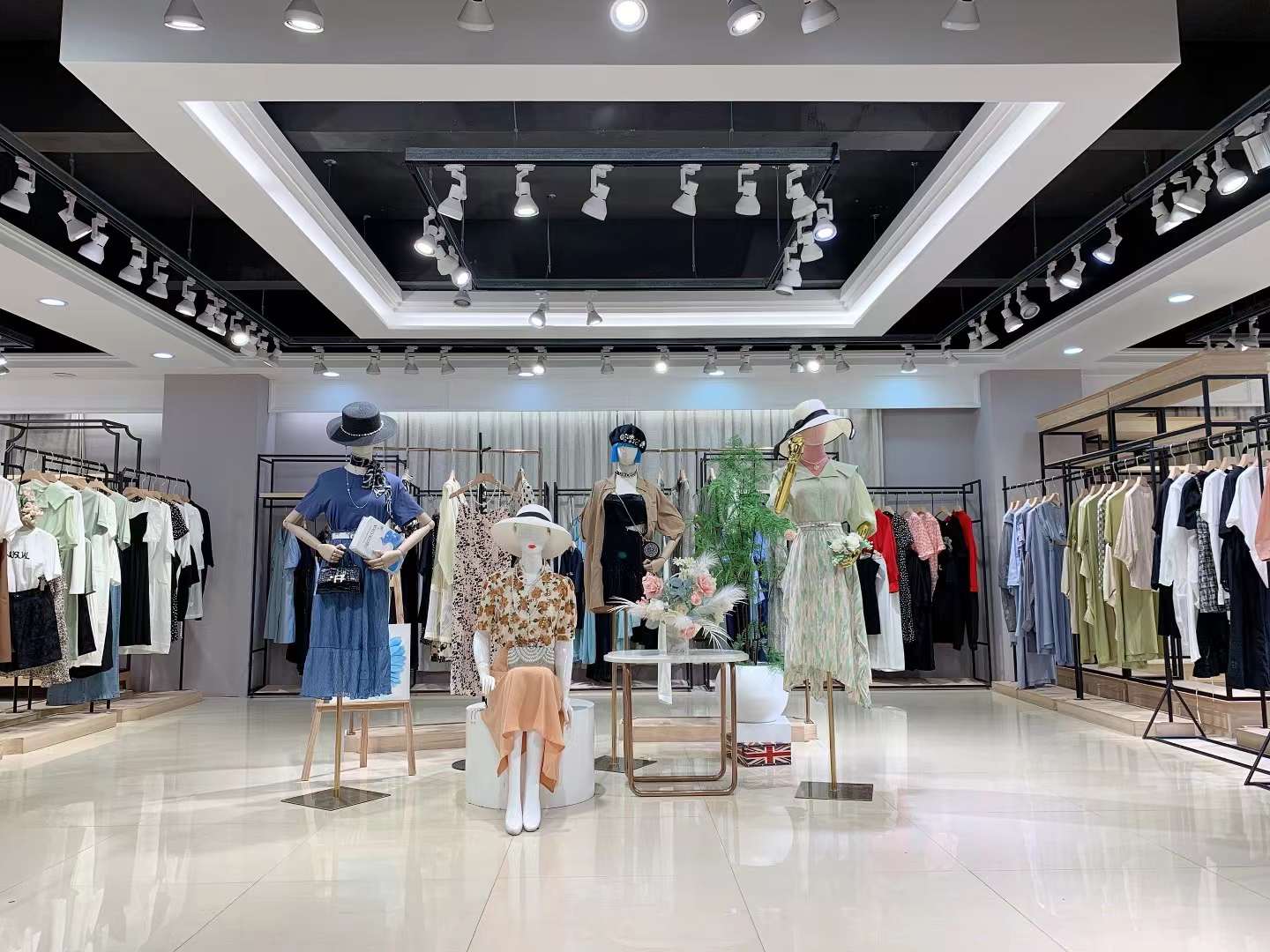 述忘2023夏品牌女裝剪標(biāo)折扣批發(fā)一手貨源 實(shí)體直播品牌折扣尾貨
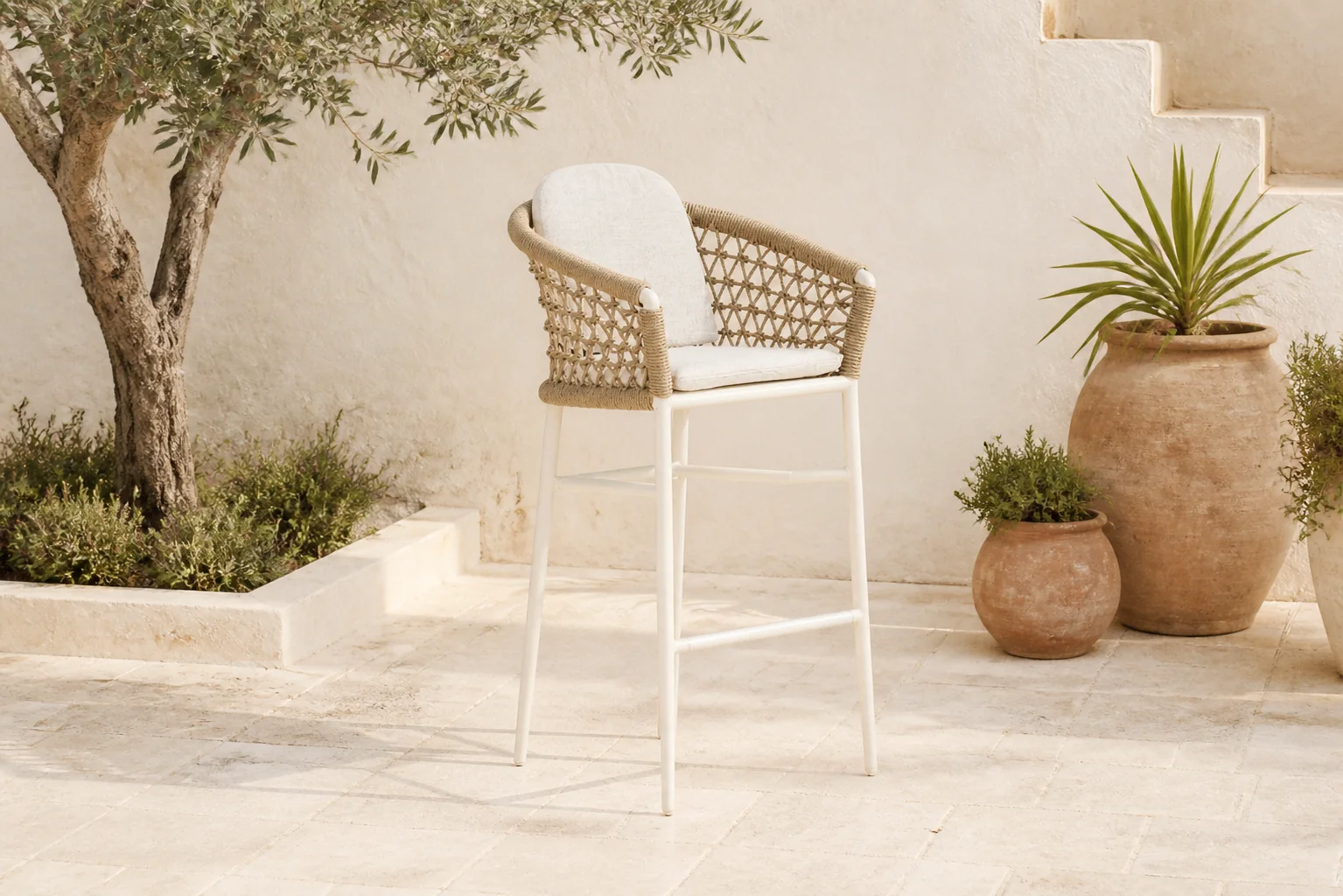 Sfeerfoto van Coco Bali barstoel – Taupe-naturel-bruin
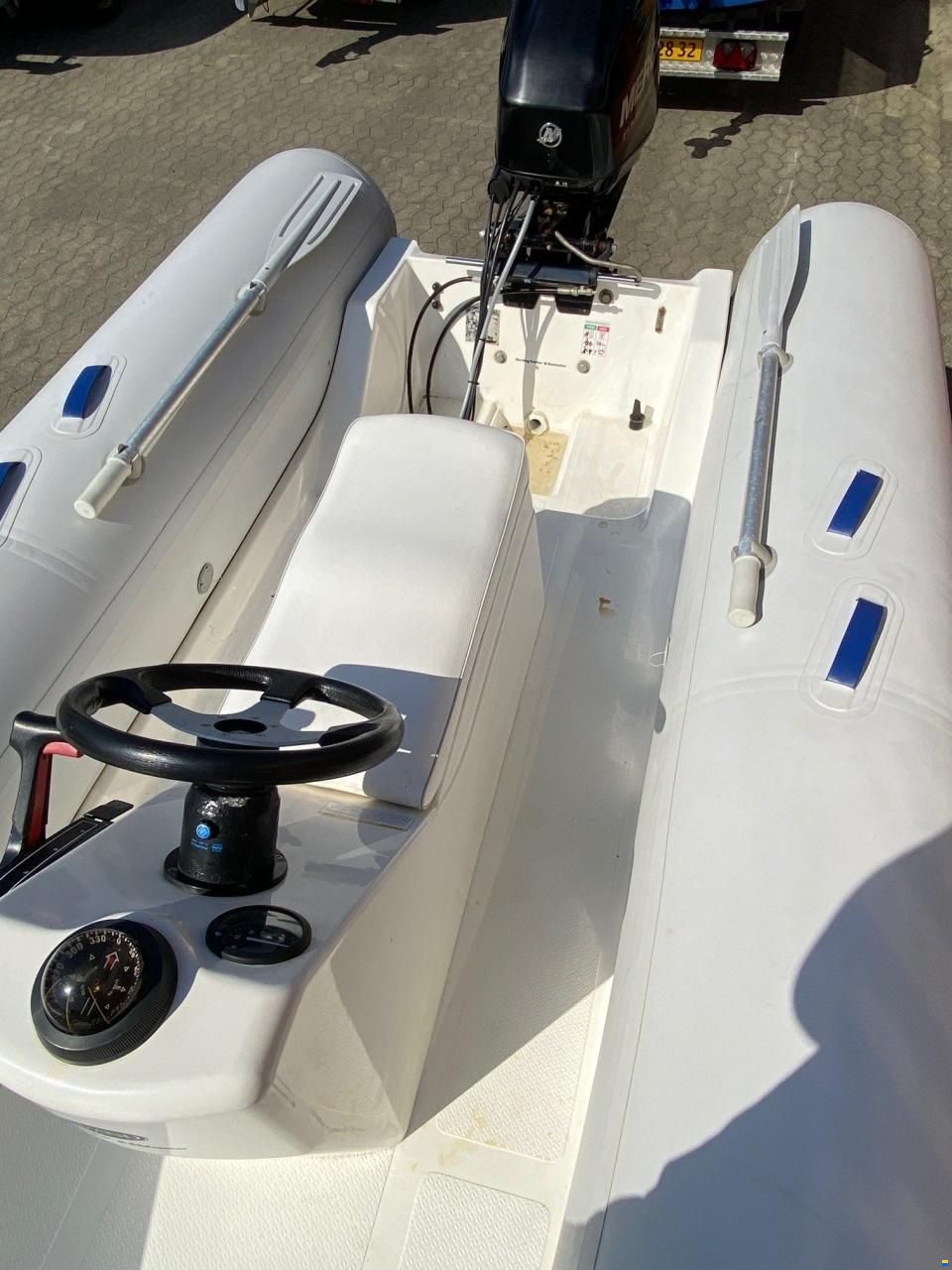 Grand S470 rib m/jockeypult m/Mercury F40 hk E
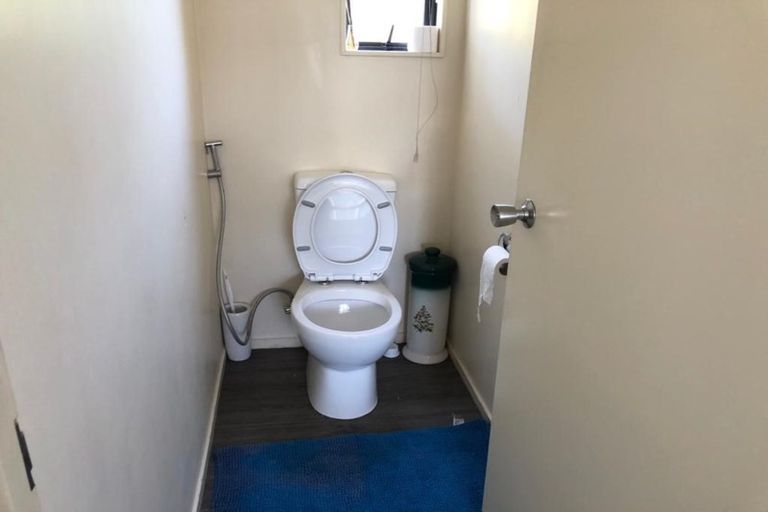 Photo of property in 18 Lobelia Rise, Goodwood Heights, Auckland, 2105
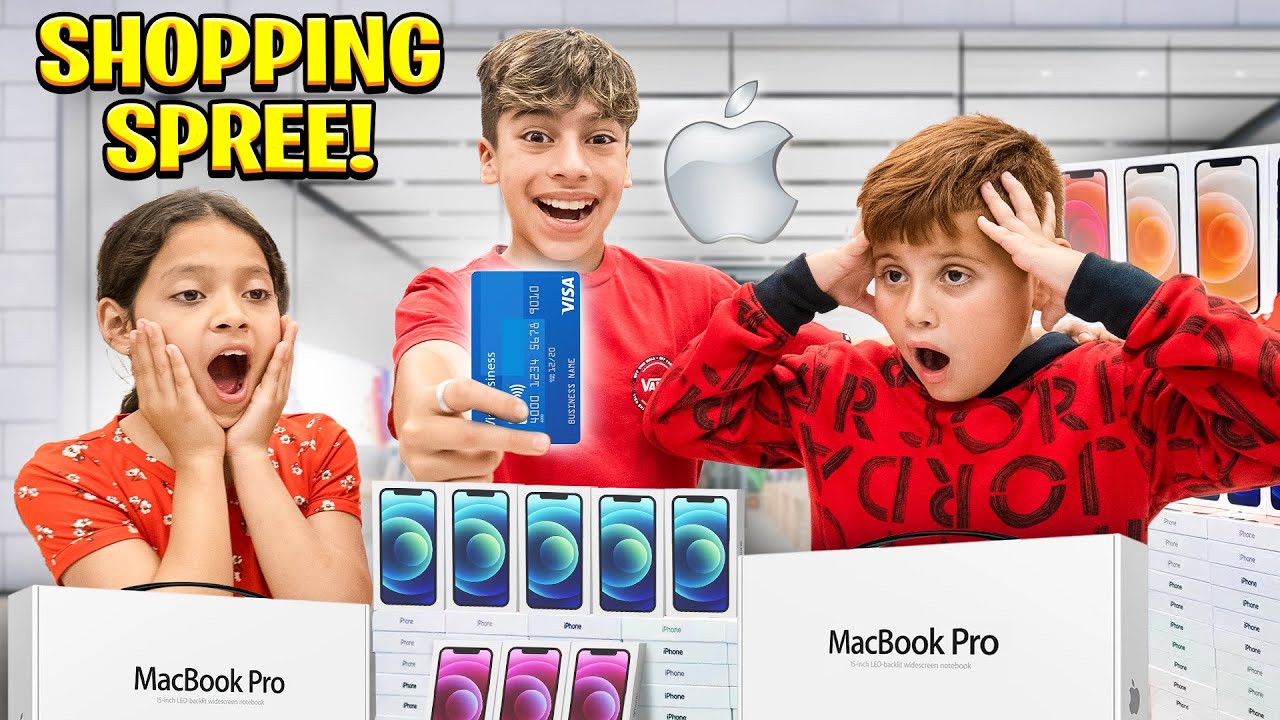 Surprising Random Fans With a SHOPPING SPREE!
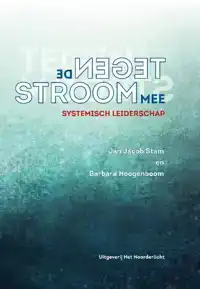 TEGEN DE STROOM MEE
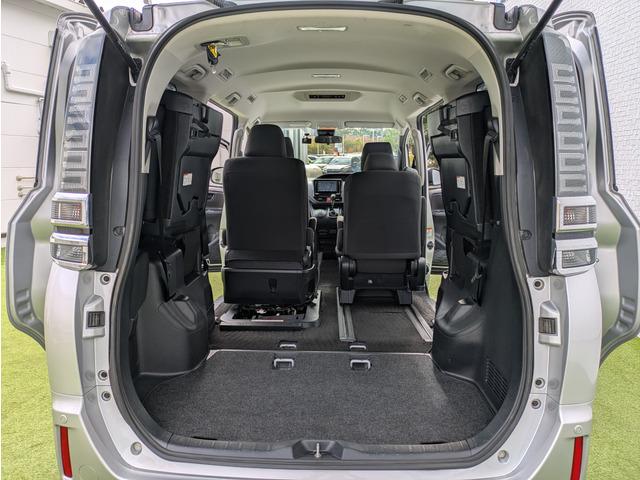 ヴォクシー 　ウェルキャブＸ後席リフトアップ／トヨタセーフティー／後席サイドリフトアップチルトシート／パワースライドドア／クリアランスソナー／ＬＥＤヘッドライト／オートライト／アイドリングストップ／ダブルエアコン（64枚目）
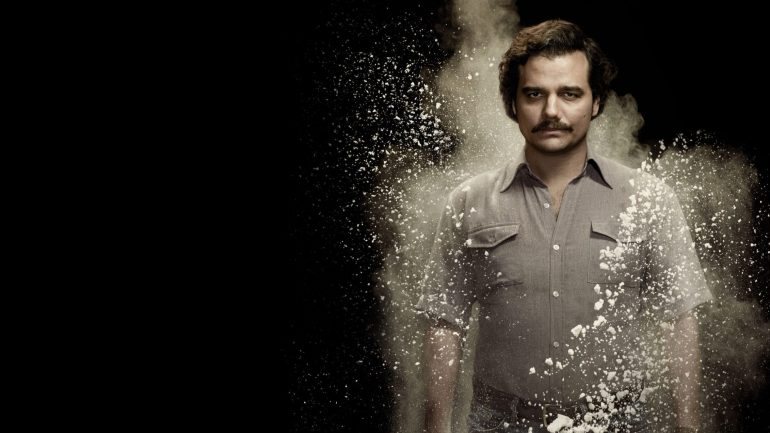 Wagner Moura é o ator que dá vida a Pablo Escobar, um dos maiores narcotraficantes de sempre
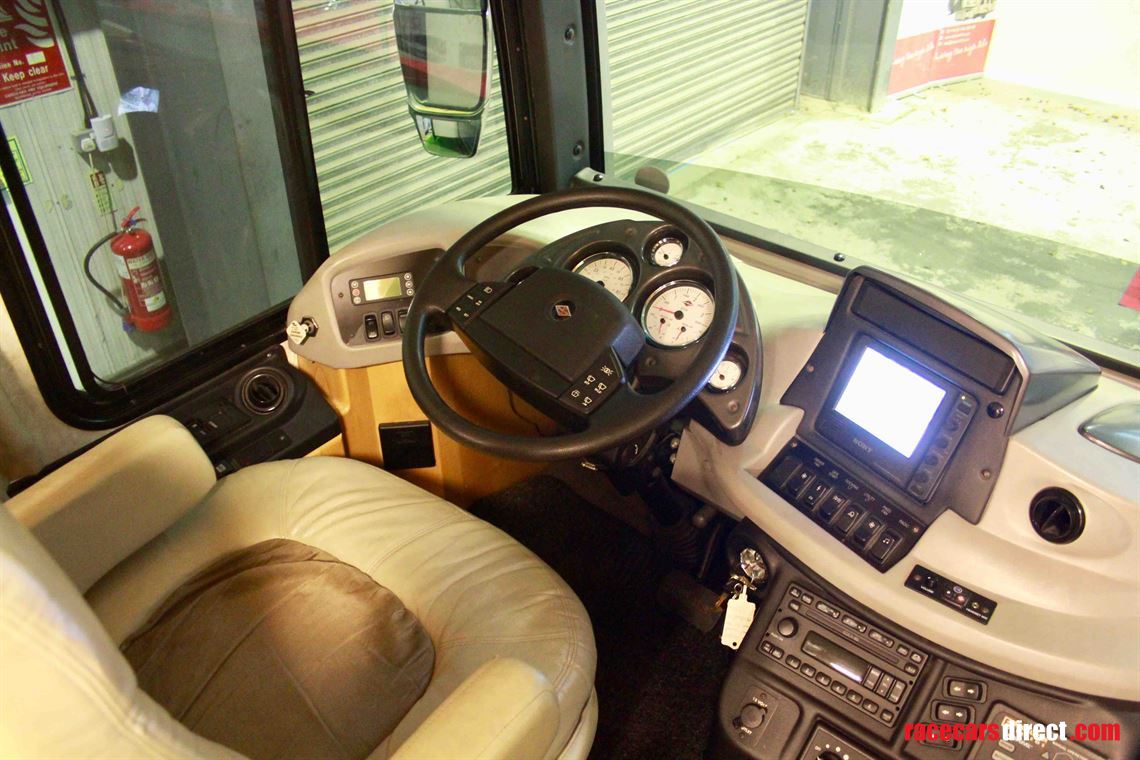 fleetwood-revolution-40l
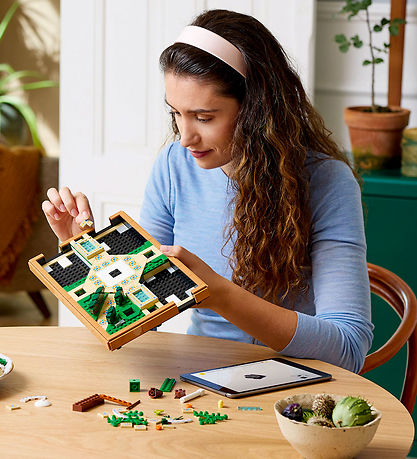 Lego Icons 10359 Fountain Garden 1302Pcs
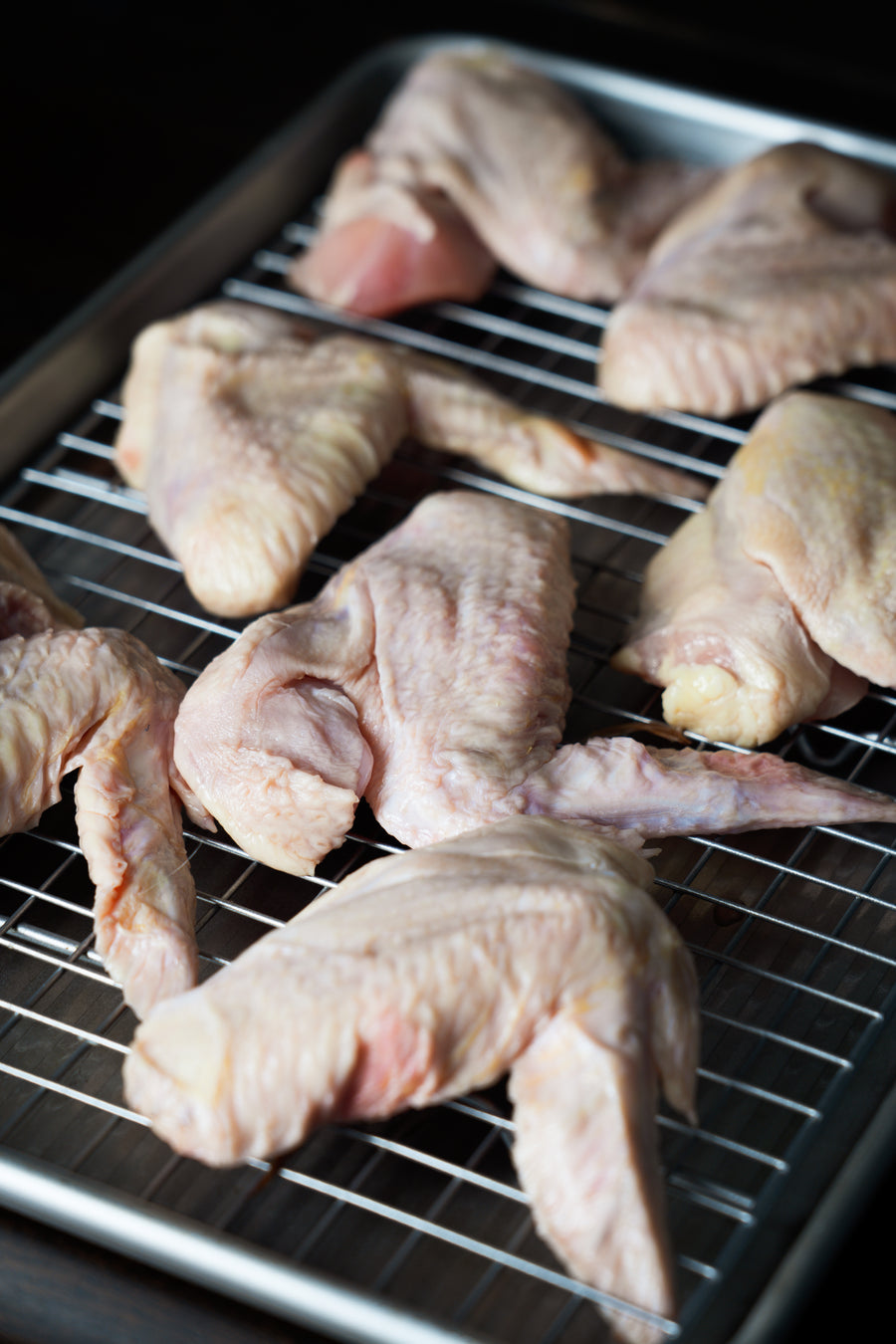 PASTURE RAISED PIONNEER BREED CHICKEN WINGS (2.5LBS)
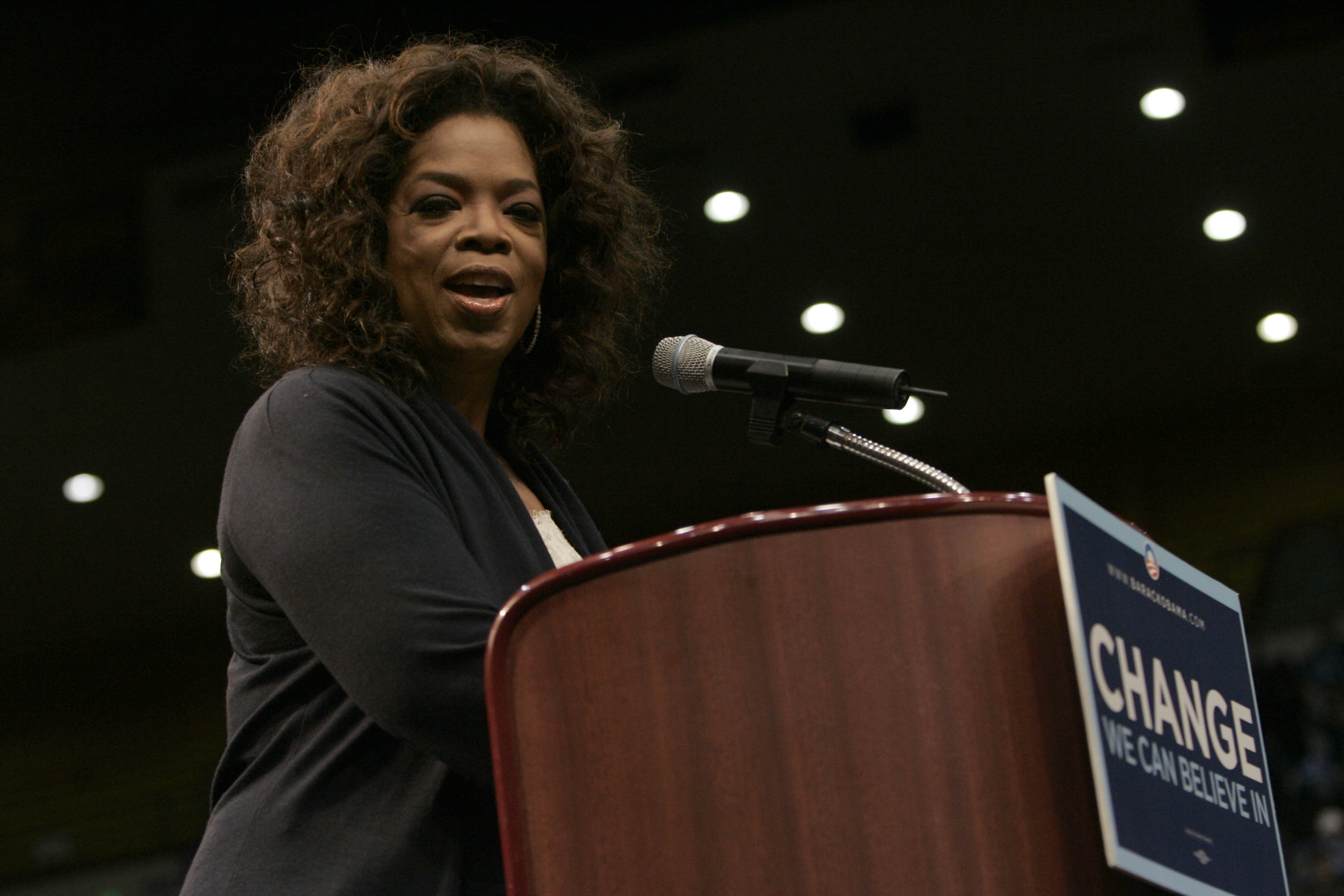 Tevestjärnan Oprah Winfrey var en av nyckelfigurerna när Obama vann valet 2008. Trots att hon lagt ned sin show är hon ännu betydelsefull. Tevestjärnan Oprah Winfrey var en av nyckelfigurerna när Obama vann valet 2008. Trots att hon lagt ned sin show är hon ännu betydelsefull.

**Your task:** An exact copy of the lines above, from the first through the line that holds "Photo of property", is what is needed; leave the pictures out.

**Task result:**
 述忘2023夏品牌女裝剪標(biāo)折扣批發(fā)一手貨源 實(shí)體直播品牌折扣尾貨
 Sfeerfoto van Coco Bali barstoel – Taupe-naturel-bruin
 Grand S470 rib m/jockeypult m/Mercury F40 hk E
 Photo of property in 18 Lobelia Rise, Goodwood Heights, Auckland, 2105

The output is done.